Nun wummern aus den Lautsprechern Ambient-Bässe, die Möblierung übt sich mit schicken Gervasoni-Stühlen, bunten Plastikhirschen und massiven, auf Kaffeehaustischfüße montierten Holzplanken in neorustikalem und "augenzwinkerndem" Jägerkitsch. Wer da an München oder Passau denkt, liegt nicht falsch.

Adrett aufgebrezelte Hietzinger und Speisinger Jungfamilien haben den Wechsel am schnellsten mitgekriegt und den Platz für sich erobert. Es kann nicht mehr lange dauern, bis der eine oder andere Tisch für eine Spielecke geopfert wird - dafür sollte der schiere Druck des Gästeprofils automatisch sorgen. Mittags geht speziell an Wochenenden ohne Reservierung gar nichts.

Häferlkaffee samt Kuchen

Das hat sich noch nicht unter allen Parkbesuchern herumgesprochen. Bewehrt mit Fellhaube und Hut (oder aber in zünftigem Bergsteigeroutfit), stiefeln viele zwischen dem Jungvolk umher: Irgendwo muss doch ein Tisch sein, wo sich Häferlkaffee samt Kuchen unaufgeregt wie zuvor konsumieren ließen!

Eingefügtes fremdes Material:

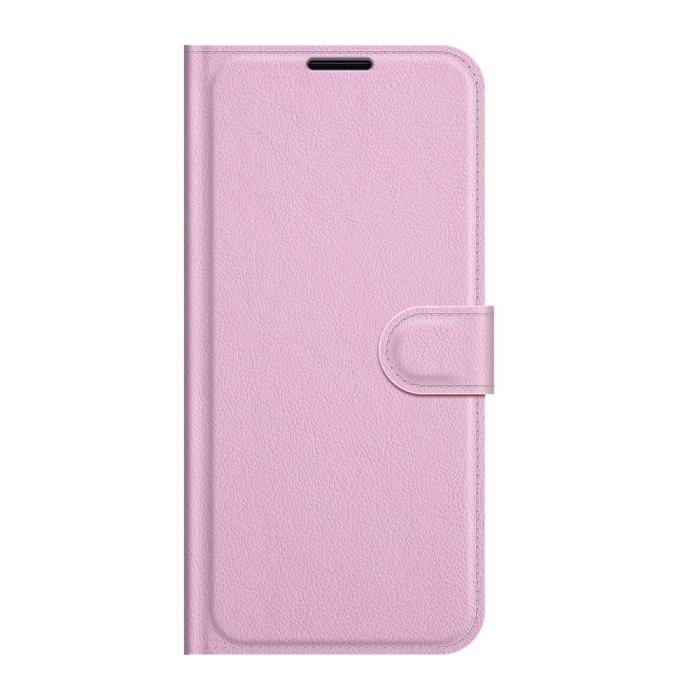 Bild 5, Motorola Moto G50 - Litchi Plånboksfodral - Ljus Rosa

Kuchen gibt es auch, das Augenmerk liegt jetzt aber eindeutig auf echtem Essen. Küchenchef Martin Kammlander serviert sehr ansprechende, für artnersche Verhältnisse extrem günstige Speisen, deren Grundprodukte und Inspiration aus dem Wald vor der Haustür stammen. Dass die Vorspeisen auf schwarzen Schieferplatten angerichtet sind, wirkt angesichts der Kinderjausen-Atmo doppelt lächerlich, an der meist sehr überzeugenden Qualität der Speisen ändert das aber nichts. Besonders fein: Spanferkelpresskopf mariniert und gebacken mit Linsen (im Bild), Hirschcarpaccio mit Sellerie und ein herrlich saftiger, nuanciert abgeschmeckter Rehpfeffer mit Mohnspätzle und Pfefferbirne. Wochenends gibt es am Nachmittag Milchrahmstrudel oder kompromisslos butterige Preiselbeerbuchteln. Sperrstund' ist, wie im ganzen Park, bereits am späten Nachmittag. (Severin Corti/Der Standard/rondo/21/10/2011)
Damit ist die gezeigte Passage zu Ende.